BEGIN

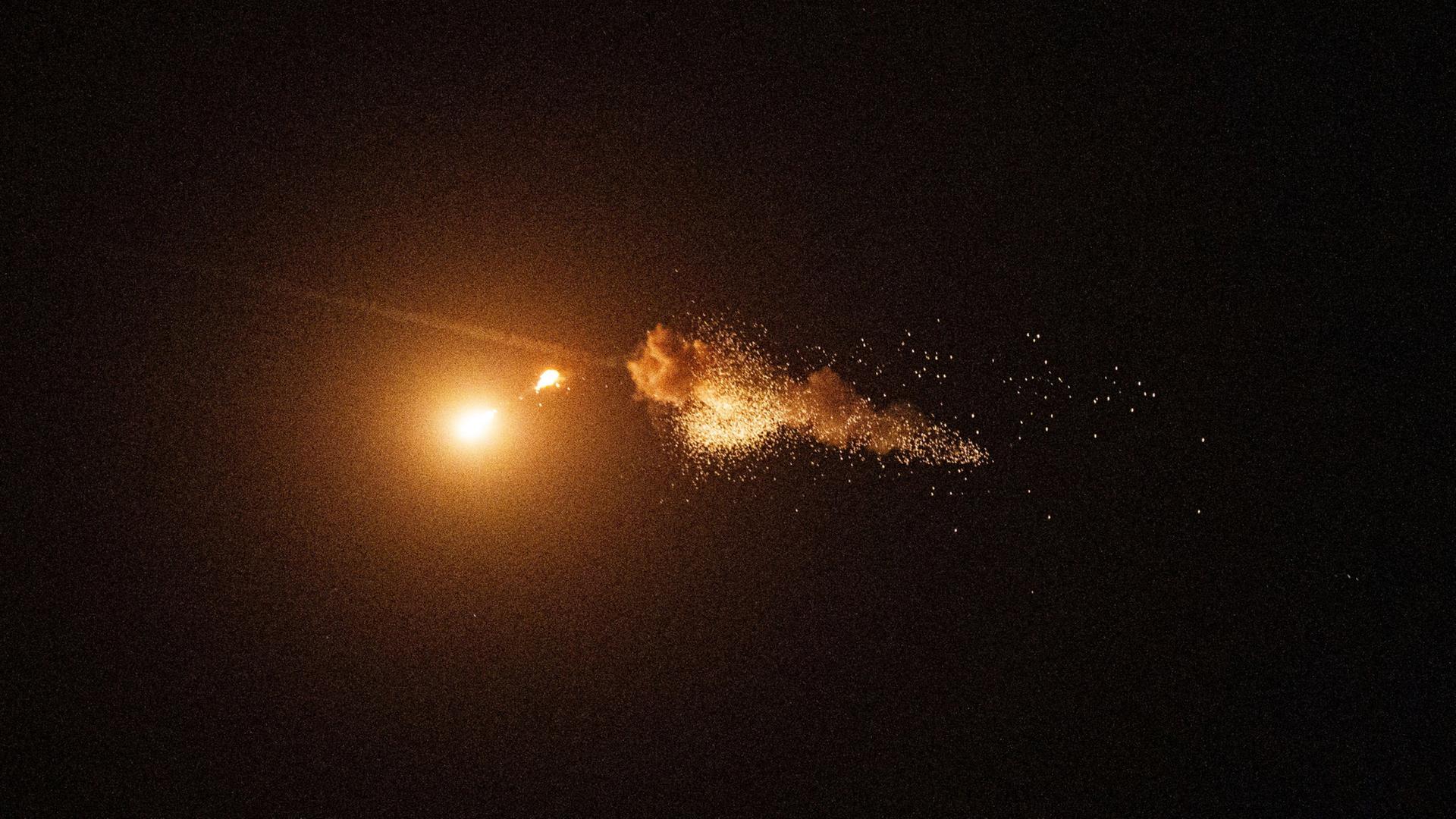 Drohnenabwehr: Ukraine entsendet Experten nach Nahost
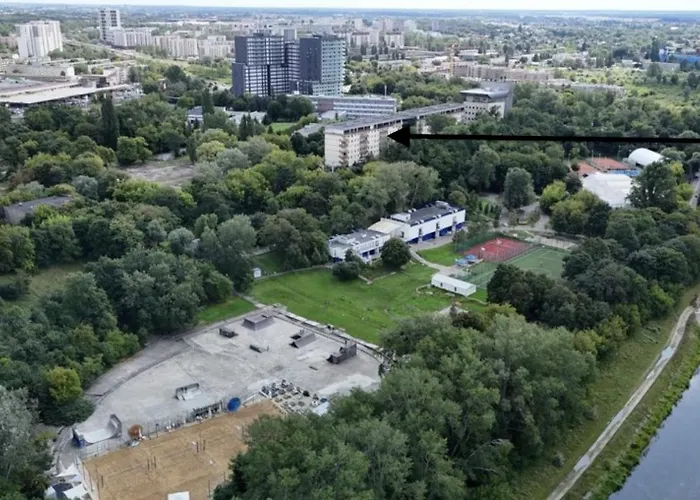 Dom Tobie Bliski W Parku Warta Prywatna Kuchnia Lazienka Parking *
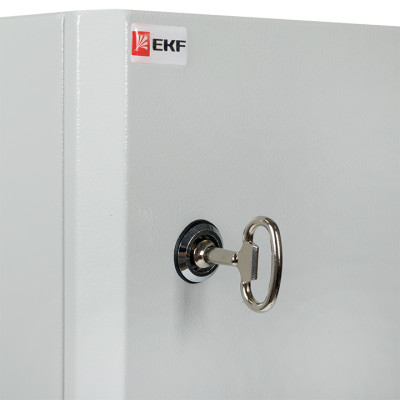 Щит с монтажной панелью ЩМПг- 40,40,25 IP54 EKF PROxima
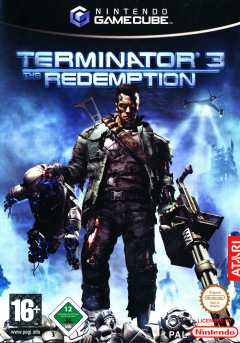 Scan of Terminator 3: The Redemption
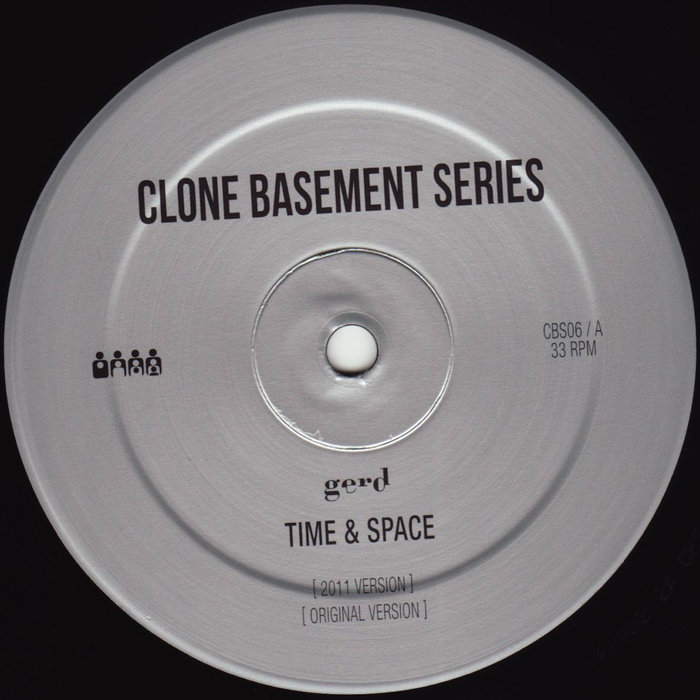 Time & Space | Gerd | Clone Basement Series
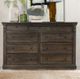 Classic Home Adelaide Cocoa Brown Dresser-1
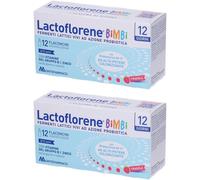 Lactoflorene Bimbi Fermenti Lattici 12 Flaconcini 2x120 ml Soluzione o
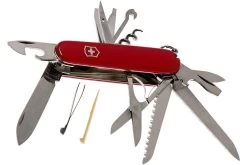 Victorinox Ranger Rojo 1.3763 Navaja Suiza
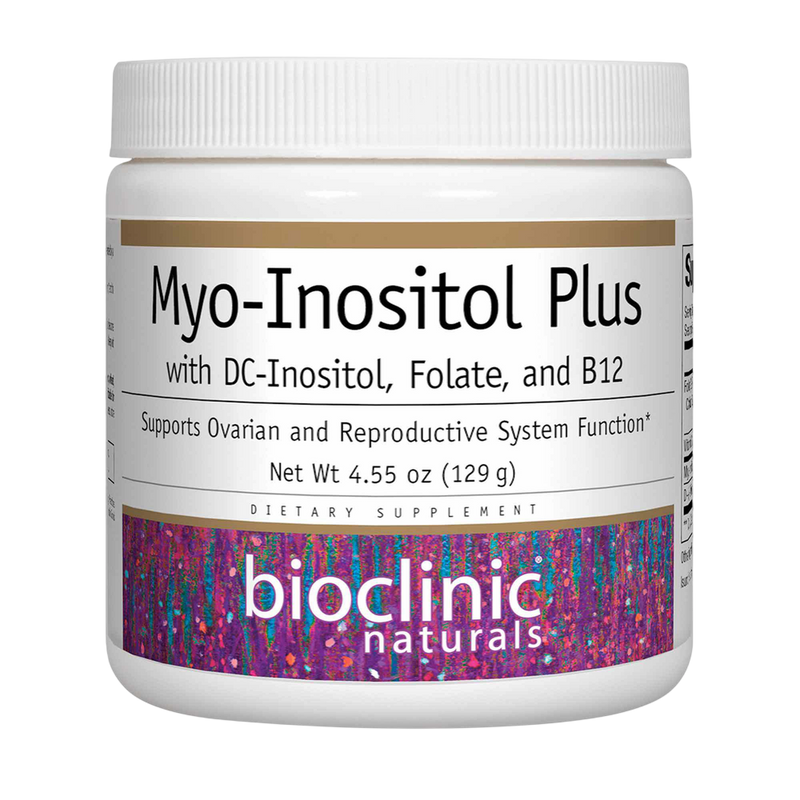 Bioclinic Naturals - Myo-Inositol Plus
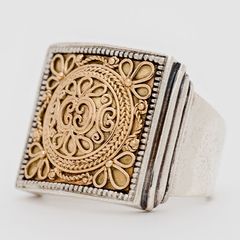 Monastiraki Square Ring / GR040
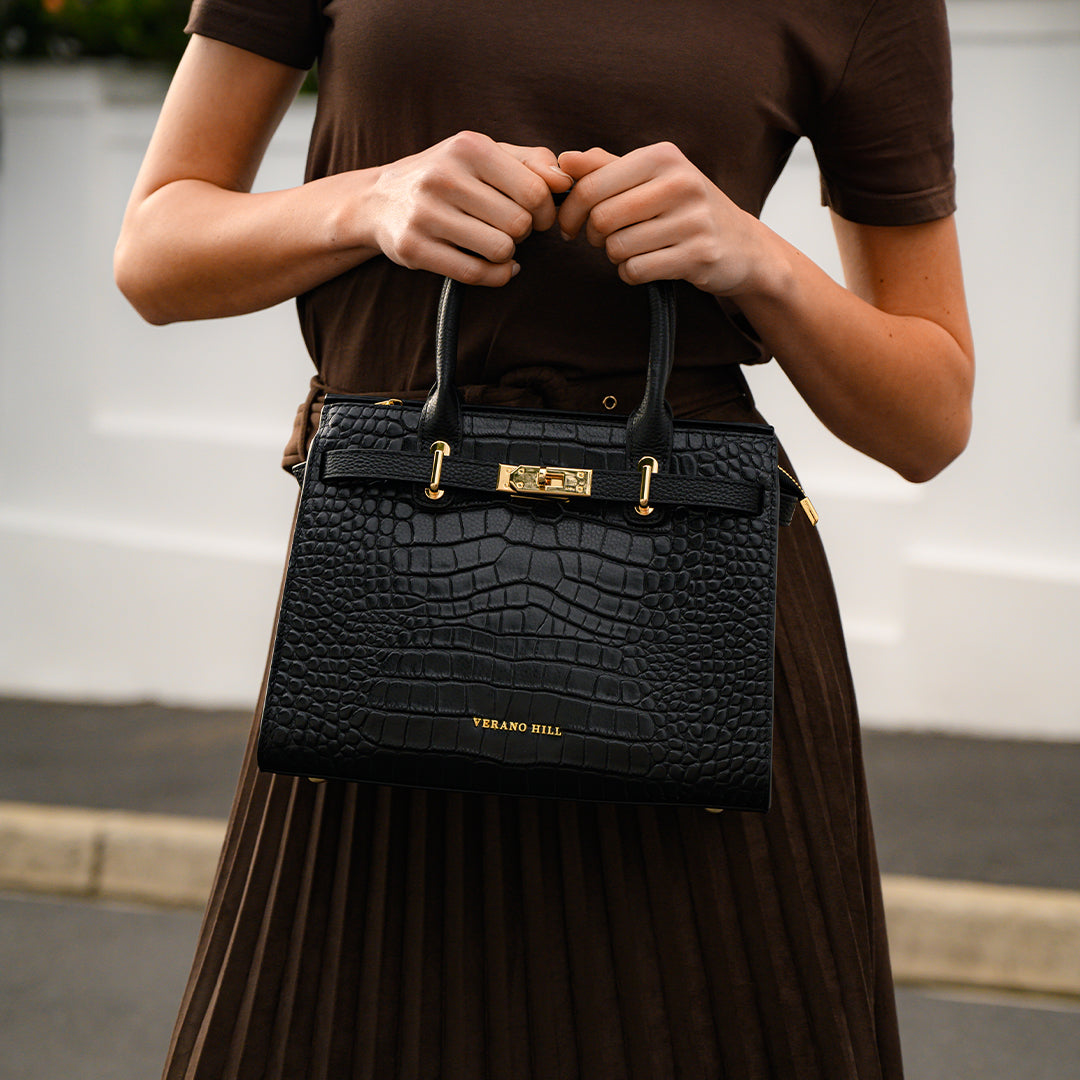 Marseille Handtasche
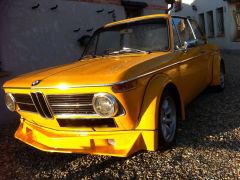 Louer une BMW 2002 de de 1972 (Photo 2)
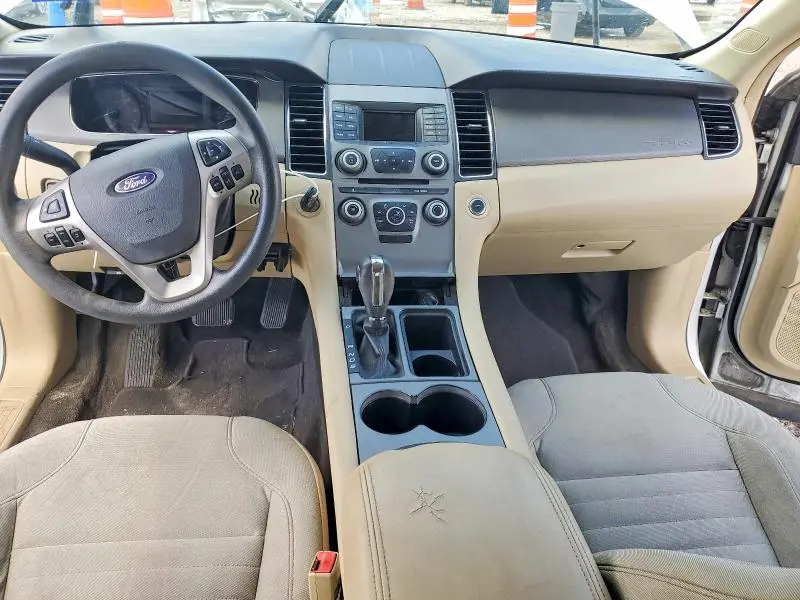 2018 FORD TAURUS SE  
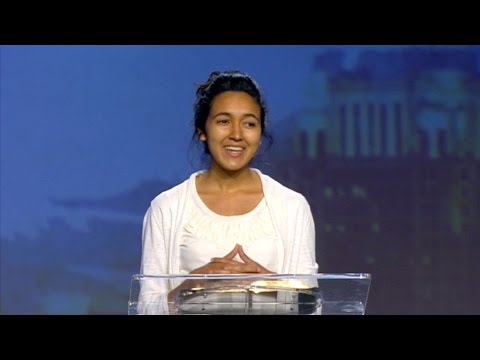 Keynote Address // Natasha Nebblett GYC 2015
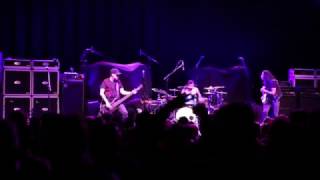 Gus G Metal Allegiance show 1/20/17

END

Aim of the task ▸ Although pictures appear among the records above, none are to be output; print exactly the lines from the line containing "Scan of Terminator 3: The Redemption" through the line containing "Monastiraki Square Ring / GR040".

Answer section ▸
 Scan of Terminator 3: The Redemption
 Time & Space | Gerd | Clone Basement Series
 Classic Home Adelaide Cocoa Brown Dresser-1
 Lactoflorene Bimbi Fermenti Lattici 12 Flaconcini 2x120 ml Soluzione o
 Victorinox Ranger Rojo 1.3763 Navaja Suiza
 Bioclinic Naturals - Myo-Inositol Plus
 Monastiraki Square Ring / GR040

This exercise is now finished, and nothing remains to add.